In marshalled order set by Lucifer, who left his station last
Normblog reviews Michael Ignatieff's book on the moral problems of fighting terrorism. He also examines Conor Gearty's objection to Ignatieff's thesis. Ignatieff's reasoning is very close to my own: that maintaining morality, such as banning torture, comes at a price -- a price we should be willing to pay, up to a point. Gearty differs with Ignatieff, arguing that if human rights are held less than absolute or if the concepts of right or wrong are admitted into the debate then we are down the slippery slope to torture in some form.
The moment the human rights discourse moves in this way into the realm of good and evil is the moment when it has fatally compromised its integrity. For once these grand terms are deployed in the discussion, all bets are off as far as equality of esteem is concerned. If we are good and they are bad, then of course equality of esteem as between all of us is ludicrous. Why esteem the evildoer in the same way as he or she who does good?
Only humanitarian standards can be absolute standards and Gearty warns us not to seek other gods at our peril. Norm Geras is not persuaded by Gearty's argument, nor am I. One paragraph of Gearty's in particular is worth noting.
International humanitarian and human rights law represents the apogee of this civilizing trend in global affairs, with rules of decent conduct that took their colour from the fact of our shared humanity rather than the superiority of our particular cause being agreed and promulgated. Now, thanks primarily to the Rumsfeldians but also to the willingness of important liberals like Ignatieff to embrace the language, we are back in a pre-rule phase where, in effect, despite the liberals’ best hopes, anything goes.
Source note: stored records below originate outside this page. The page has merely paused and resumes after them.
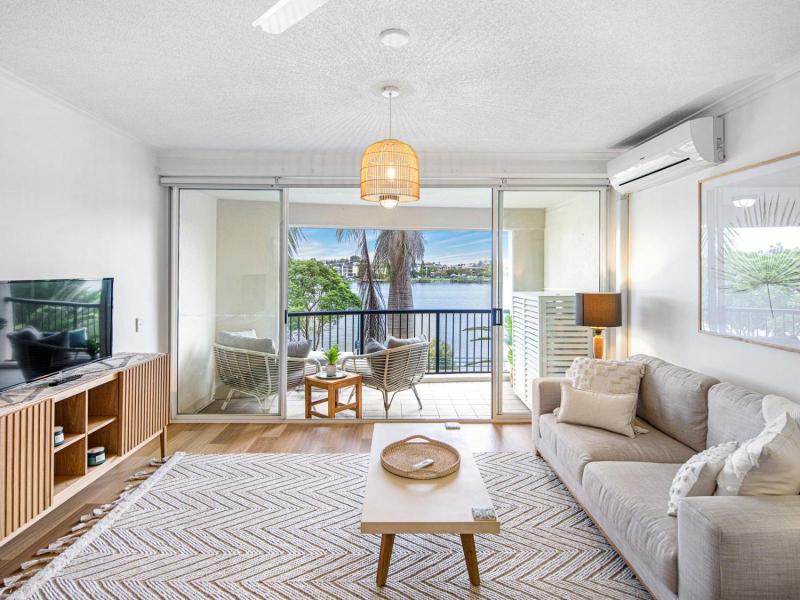 Goldsborough Place Apartments image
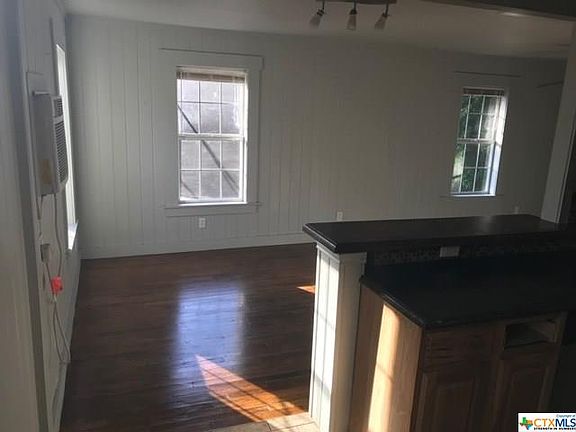 3rd image of 509 Rogers St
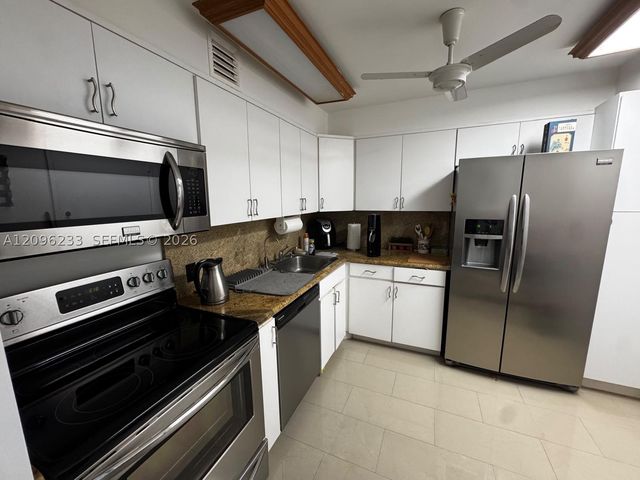 5701 Collins Ave 912, Miami Beach, FL 33140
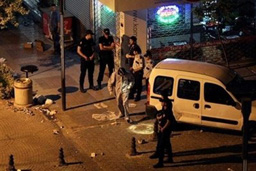 Самоделни бомби разтърсиха Истанбул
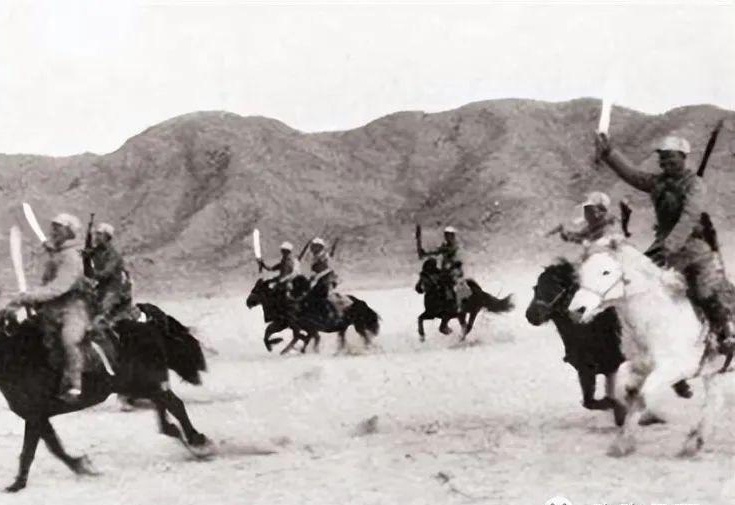 西路軍，歷史回顧與深入解析，西路軍歷史回顧與深度解析，戰(zhàn)略決策與戰(zhàn)爭(zhēng)影響研究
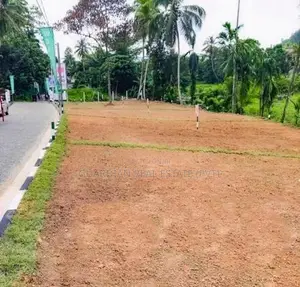 Luxury Land for Sale in Watareka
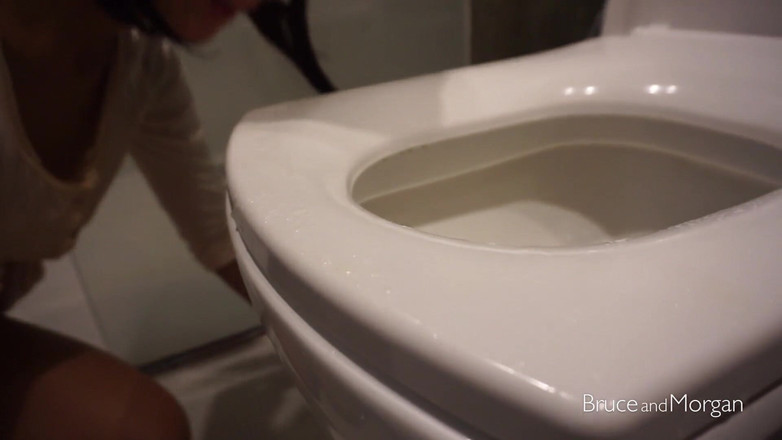 Bruce-and-Morgan: Piss and cum licking in the bathroom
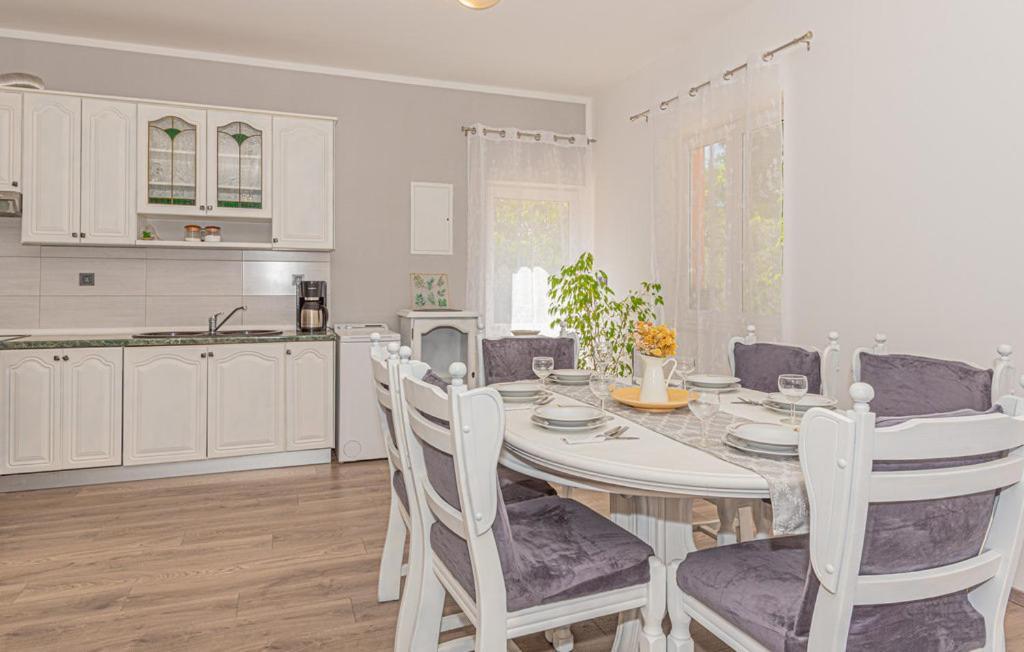 Iris Holiday Home Trbounje Екстериор снимка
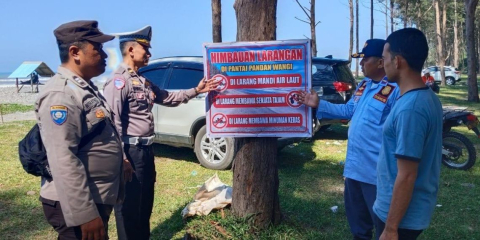 Libur Nataru, Personil Polres Mukomuko Intensifkan Patroli di Kawasan Wisata Pantai Mukomuko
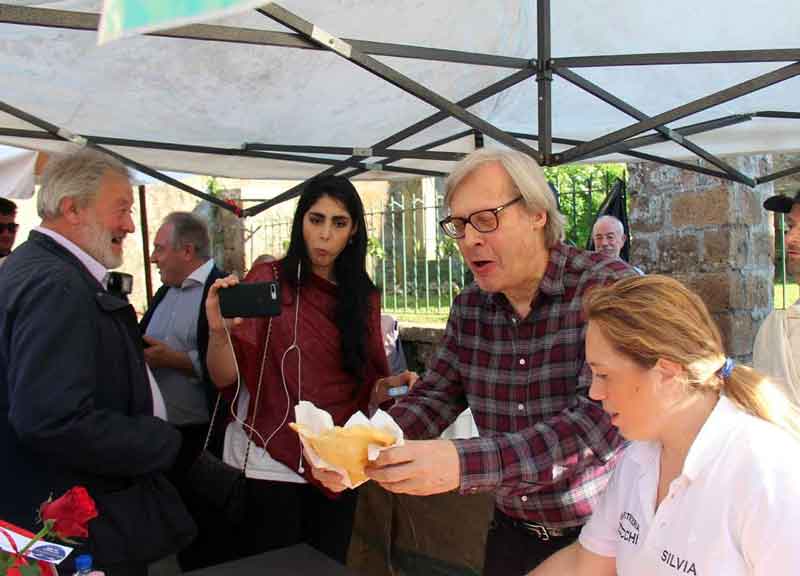 Vittorio Sgarbi, amore a prima mostra: sedotte le comari di Sutri. La speranza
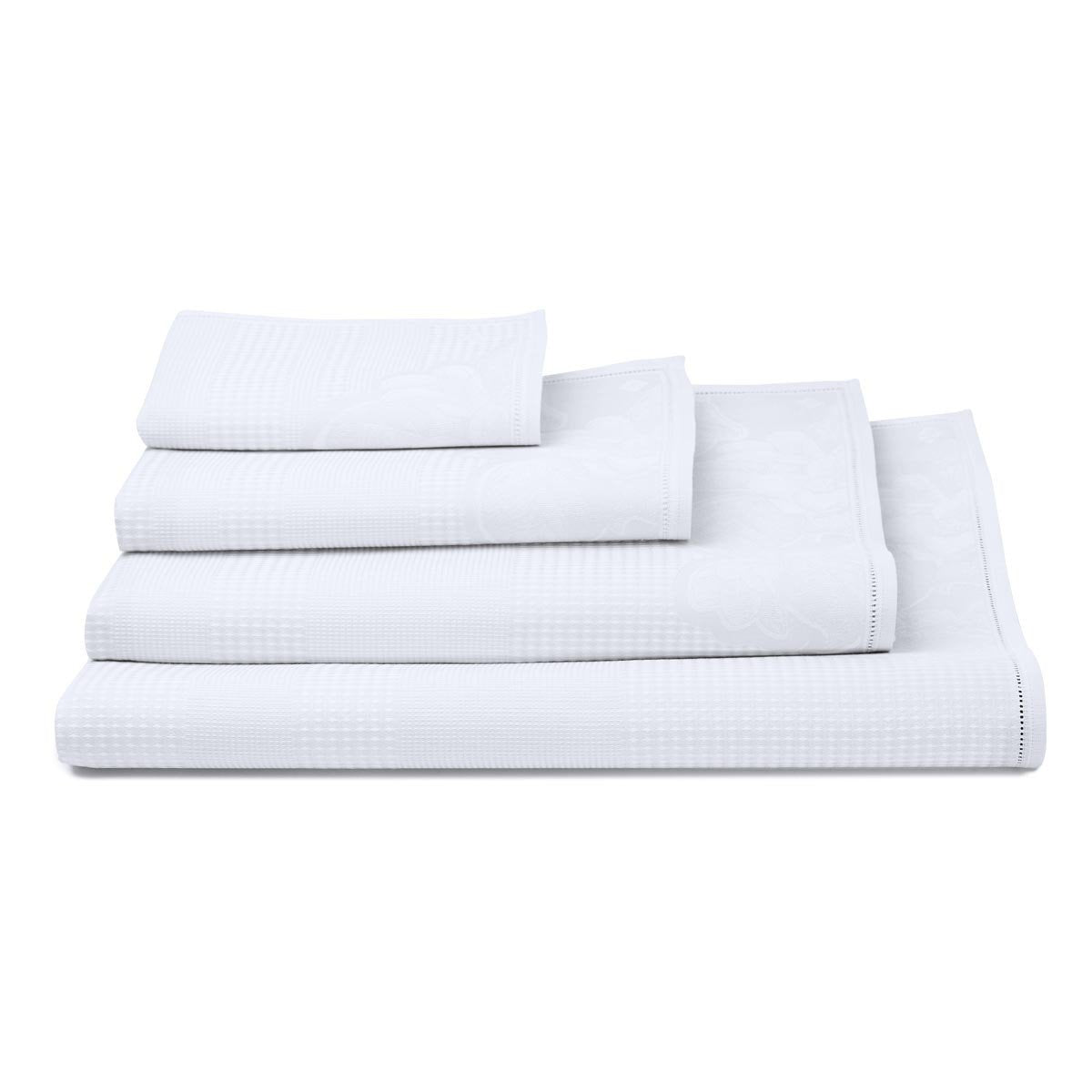 https://cdn.shopify.com/s/files/1/1268/4551/products/Fig_Linens_-_Le_Jacquard_Francais_Bath_Collection_serviette-de-bain_volupte_blanc_verso_1600x.jpg?v=1691927486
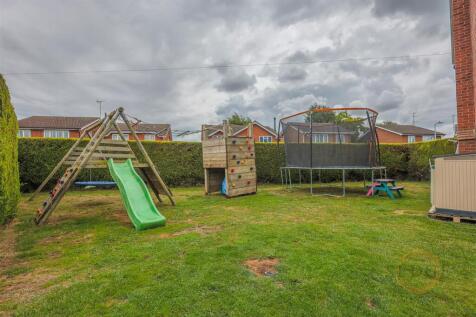 13 meadway -22.jpg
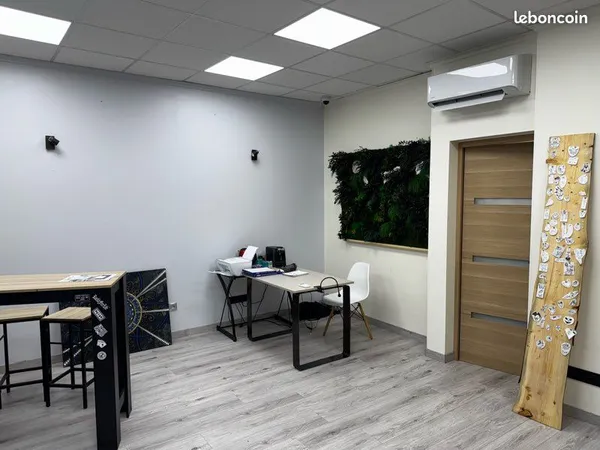 Local commercial / bureaux à louer - la rochette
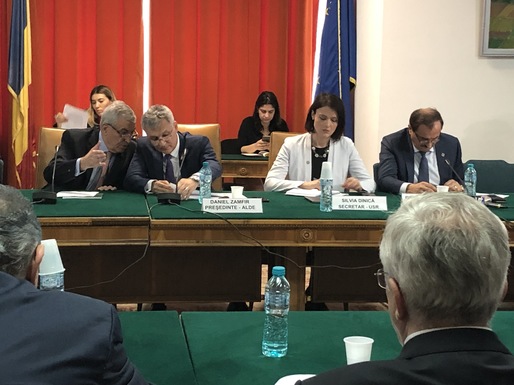 LIVE TEXT GALERIE FOTO Guvernatorul Isărescu a venit în Senat: ROBOR nu a fost manipulat. OUG 114 e un impozit pe politica monetară, ne leagă de mâini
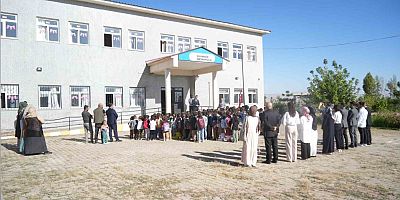 Muş’ta Yeni Eğitim Öğretim Yılı Fidanlarla Başladı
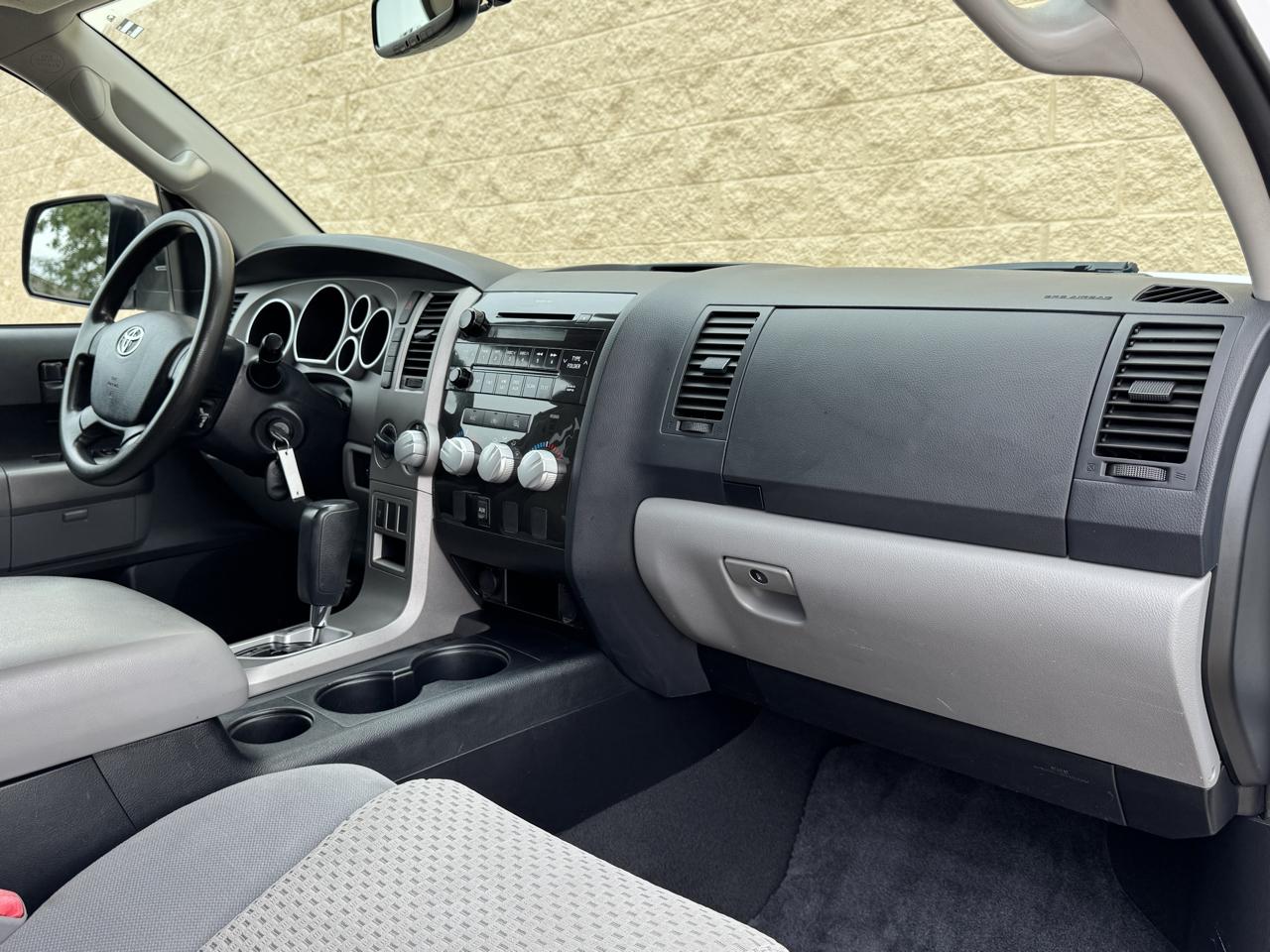 Toyota Tundra 4WD Truck Double Cab 5.7L FFV V8 6-Spd AT (Natl) 2012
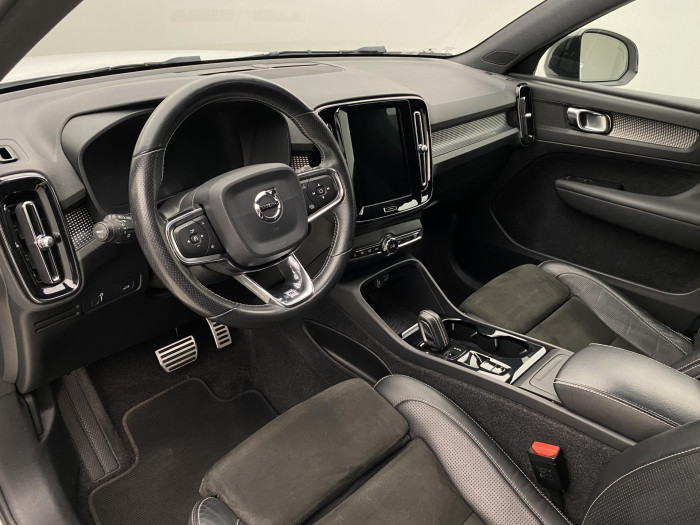 Volvo XC40 D4 AWD R-DESIGN AUT 2.0 d
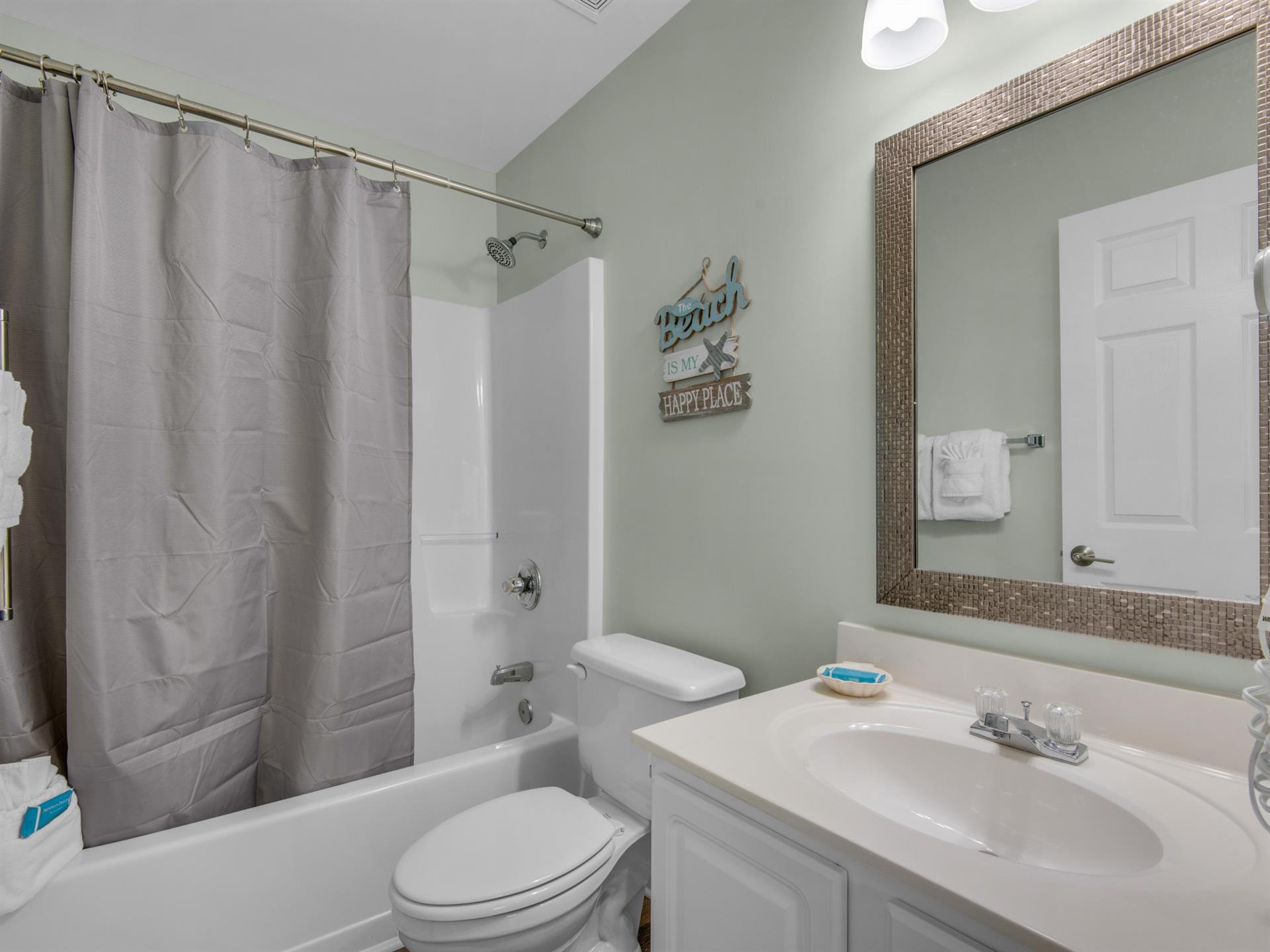 Guest Bathroom with TubShower Combo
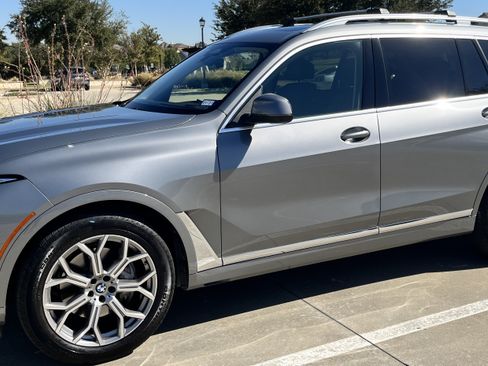 Used 2024 BMW X7 xDrive40i w/ Premium Package image 1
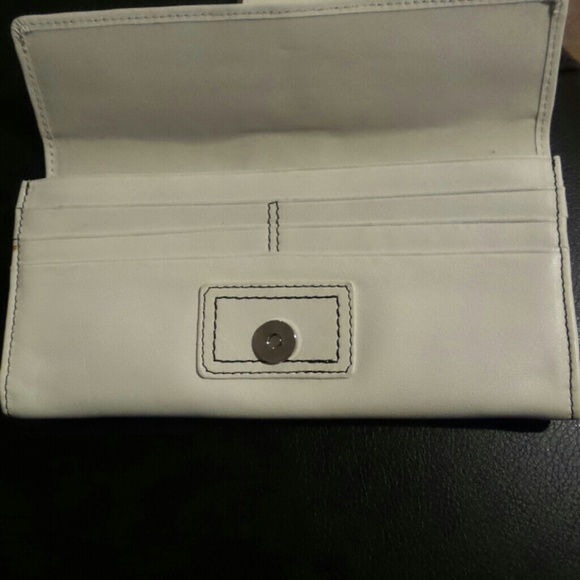 Wallet - Picture 2 of 3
Actually anything goes anyway despite international humanitarian law in much of the wide world. As a practical matter, anyone in trouble in the Third World would be ill-advised to mention Amnesty International or the European Union when under police interrogation unless he wants to be beaten more savagely. A bribe, hiring a good local lawyer, or some other manuever will work better in 999 cases out of thousand. The number of people helped by international humanitarian institutions in comparison to the number of victims is miniscule. That, sad to say, is not because the international humanitarians aren't well meaning, but because backsliding into the "pre-rule phase" can't be prevented when one is unwilling to enforce the rules. It's doubtful whether one can enforce humanitarian law entirely through humanitarian means. And if it is impossible to coerce human monsters into behaving; if it is impermissible to fight for humanitarian rules in principle, then activists must do the next best thing and focus on raising standards in societies where appeals to shame and morality have some force, in places for example, like the United States, the UK and Australia. Humanitarian law works where law is obeyed, like the electric shaver that works where there is electricity. And that's why Gearty can scathingly use the word Rumsfeldian in a vocabulary that will forever be bereft of 'Saddamian', 'Castrovian' or 'Mugabian'.
But it is in parts of the world where few rules apply that justice is needed most. There other steps must be taken. In 1997, a notorious pedophile named Robert "Dolly" Dunn was tracked down by an Australian 60 Minutes team in Honduras, where he had fled after eluding law enforcement in several countries "wanted since 1995 on nearly 100 sexual assault and drug charges". Without any legal authority to arrest Dunn, the Australian 60 Minutes team made a backdoor deal with local US DEA agents, who knew their way around enough to get Dunn deported as an "undesirable person" on a flight routed through Miami where, after the necessary due process, Australian law enforcement took him back to face the music.
Yet maneuvers of this kind work only when we are willing to reinstate the notions of 'good and evil' that Gearty finds so distasteful. Without the concepts of good and evil there are ultimately no guidelines on the use of force; and a world of rules cannot exist unless the rules can, in the first place, be imposed by force. But we are through the revolving door again.
Any effective campaign to outlaw torture must first of all begin by telling the public that innocent lives will be lost and suffering endured so that we can safeguard our souls; that for this we are willing to pay a price. It cannot begin by falsely promising the public that we can have our cake and eat it too. What Ignatieff understands is that there is no escape from moral choice, even if we wanted it. In Eve Garrard's summary:
So his (Ignatieff's) view is that in responding to the threat of terrorism, we shouldn't go all out to increase public security at the cost of abandoning our support for human rights, but neither should we treat human rights as totally inviolable if doing so exposes us to a greatly increased threat to our security. He thinks we should engage in something like moral trade-offs, allowing some strengthening of security at the expense of respect for rights, but also insisting that we have to accept some insecurity - maybe even some lives lost - in order to preserve core aspects of our democratic rights.
Update and correction
Norm Geras writes to say that the Normblog post quoted above was actually written by Eve Garrard, though it appears on his site. My mistake and I apologize. I've corrected it in the text above.
There's a bug in Blogger just now (15:00 PST) which keeps people from posting comments. The word verification code is stuck on "smenita". Will write Blogger to report the fault.